Restate the listing below line for line and word for word, without the pictures.
#### INPUT ####
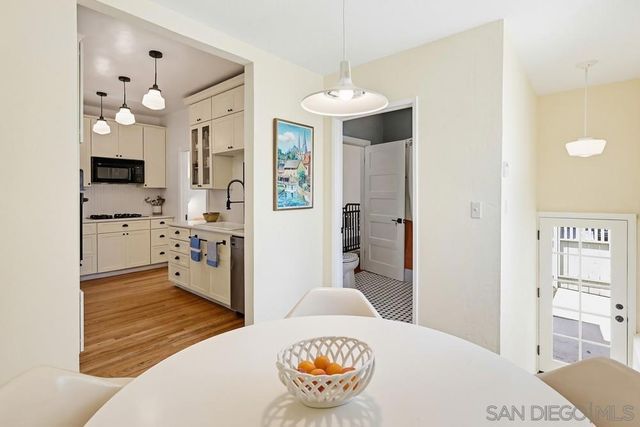 1353 Edgemont, San Diego, CA 92102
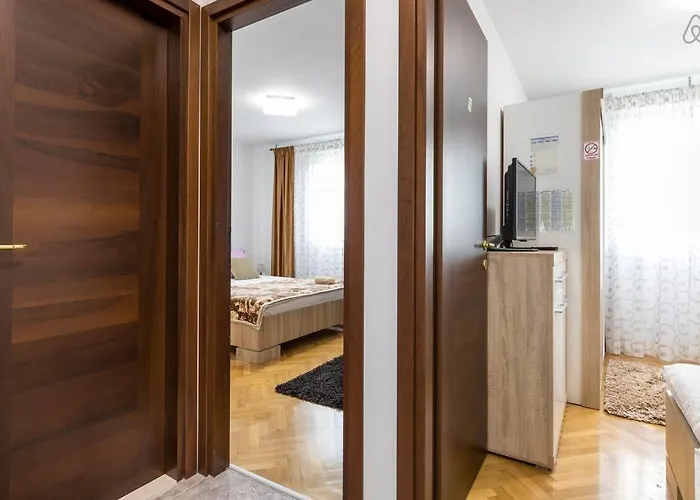 Gasthuis Deluxe Manuela With Balcony Center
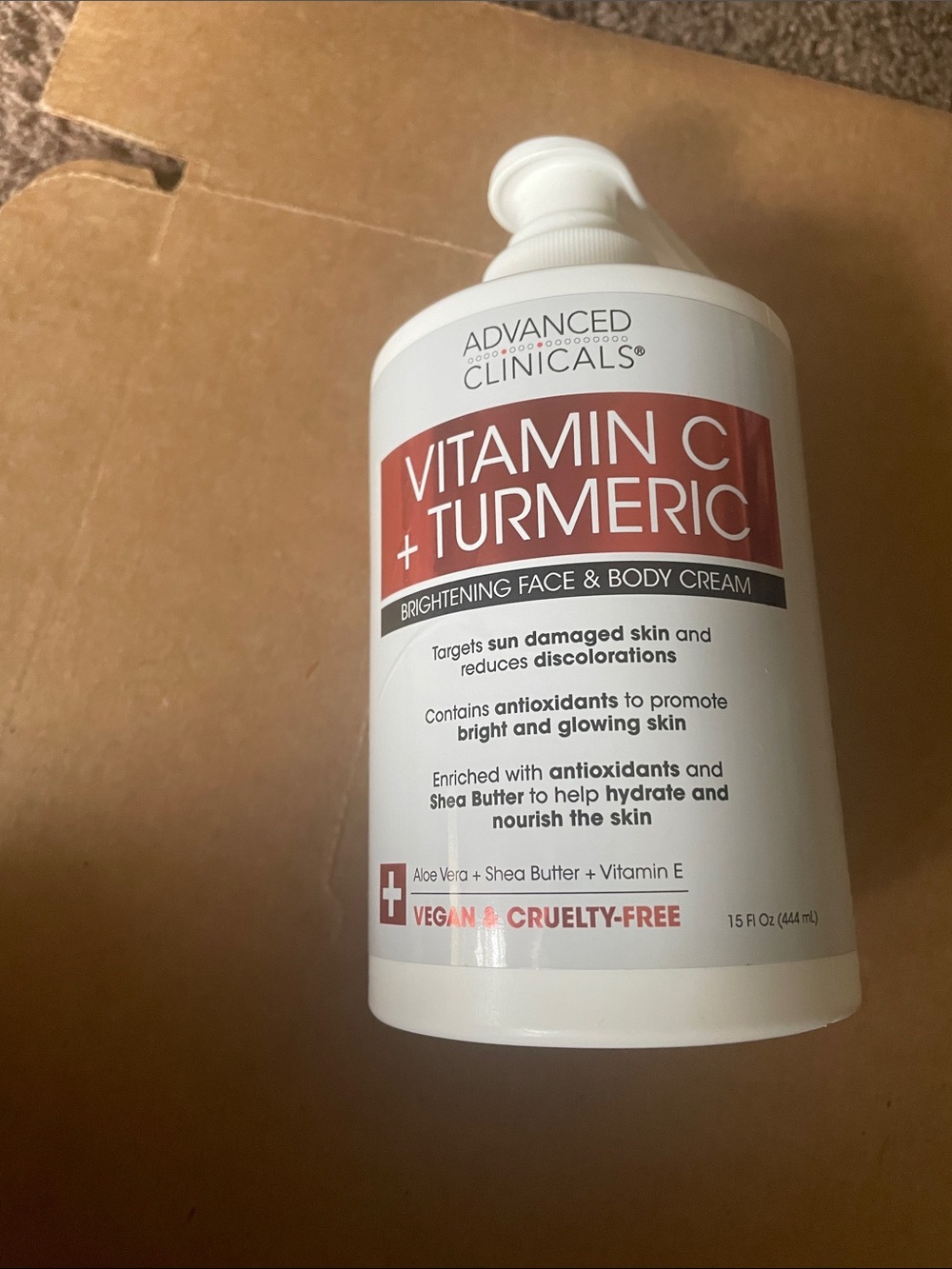 Vitamin C + Turmeric Brightening Face & Body Cream - White/Orange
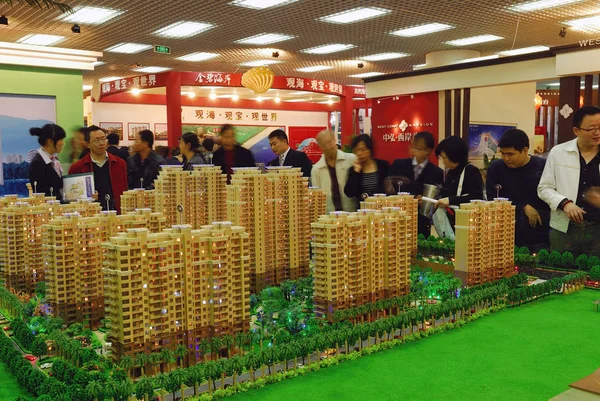 2011年1月3日 中国购房者在海南省海口市举行的房地产博览会上查看公寓楼模型 — 图库照片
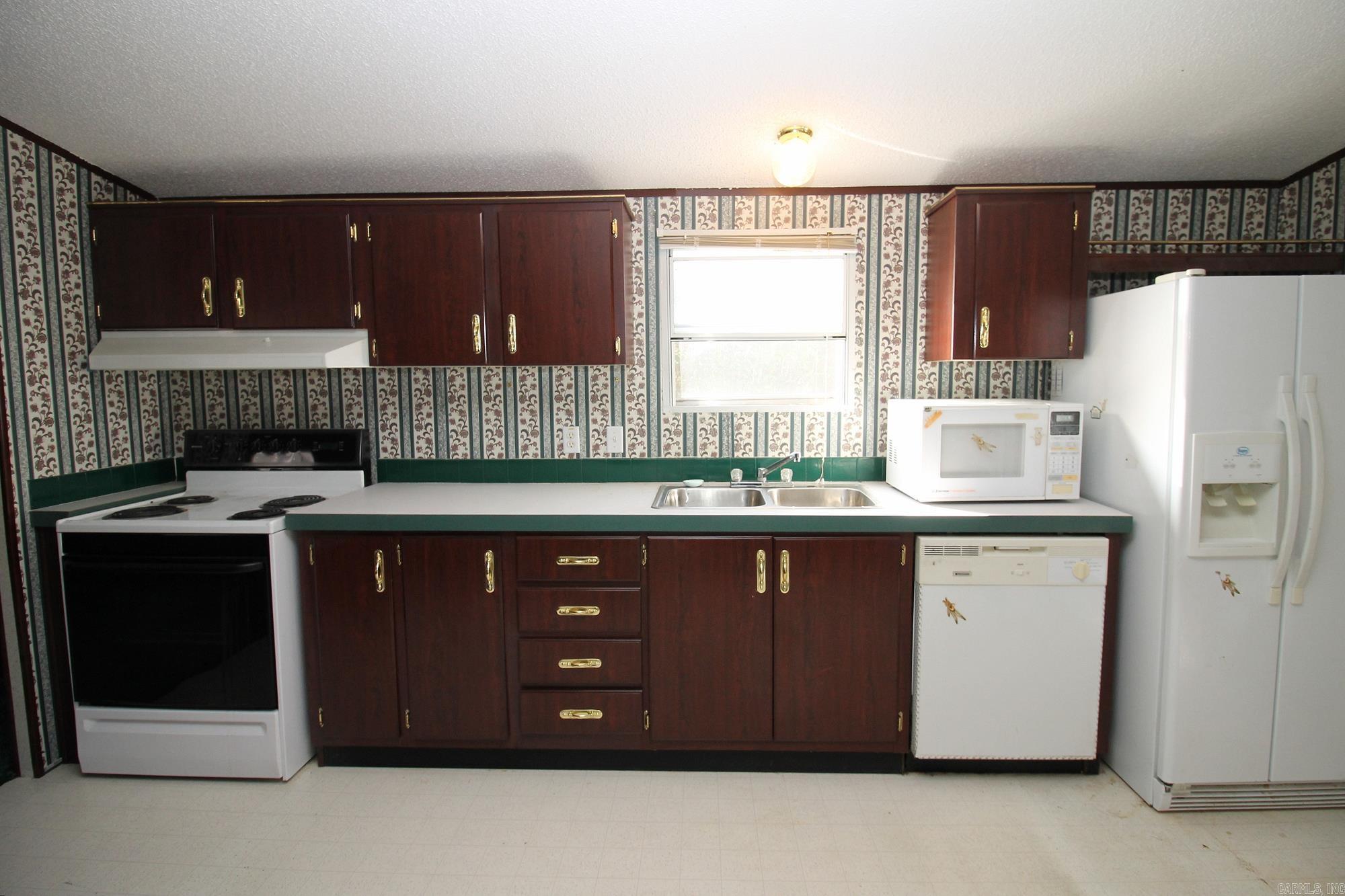 ROLLING HILLS ESTATES - Residential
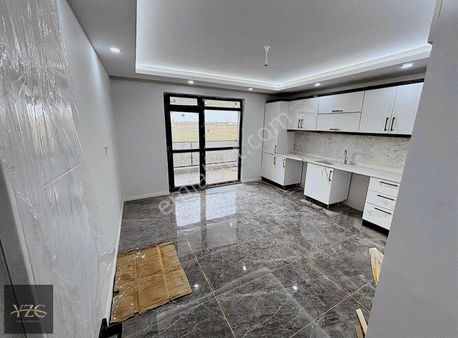 Yzg Yapıdan Ebeveyin Banyolu Asansörlü Sıfır Daire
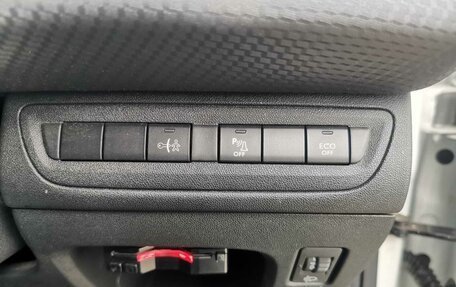 Peugeot 2008 II, 2018 год, 1 080 000 рублей, 13 фотография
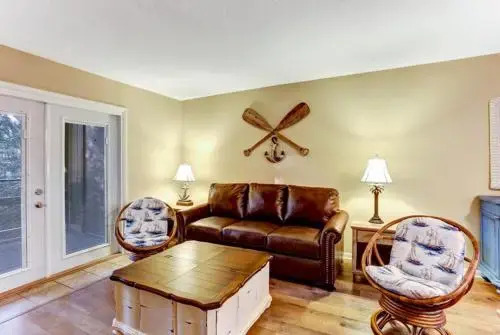 Amelia Landings Condo, Easy Access to the Pool and Short Walk to the Beach by RedAwning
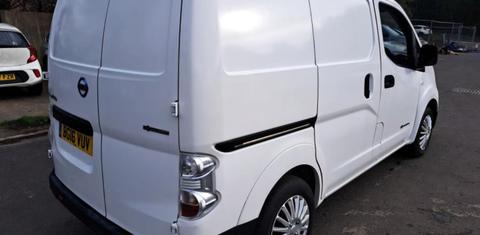 Nissan eNV200 2016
####
WORKED SOLUTION:
 1353 Edgemont, San Diego, CA 92102
 Gasthuis Deluxe Manuela With Balcony Center
 Vitamin C + Turmeric Brightening Face & Body Cream - White/Orange
 2011年1月3日 中国购房者在海南省海口市举行的房地产博览会上查看公寓楼模型 — 图库照片
 ROLLING HILLS ESTATES - Residential
 Yzg Yapıdan Ebeveyin Banyolu Asansörlü Sıfır Daire
 Peugeot 2008 II, 2018 год, 1 080 000 рублей, 13 фотография
 Amelia Landings Condo, Easy Access to the Pool and Short Walk to the Beach by RedAwning
 Nissan eNV200 2016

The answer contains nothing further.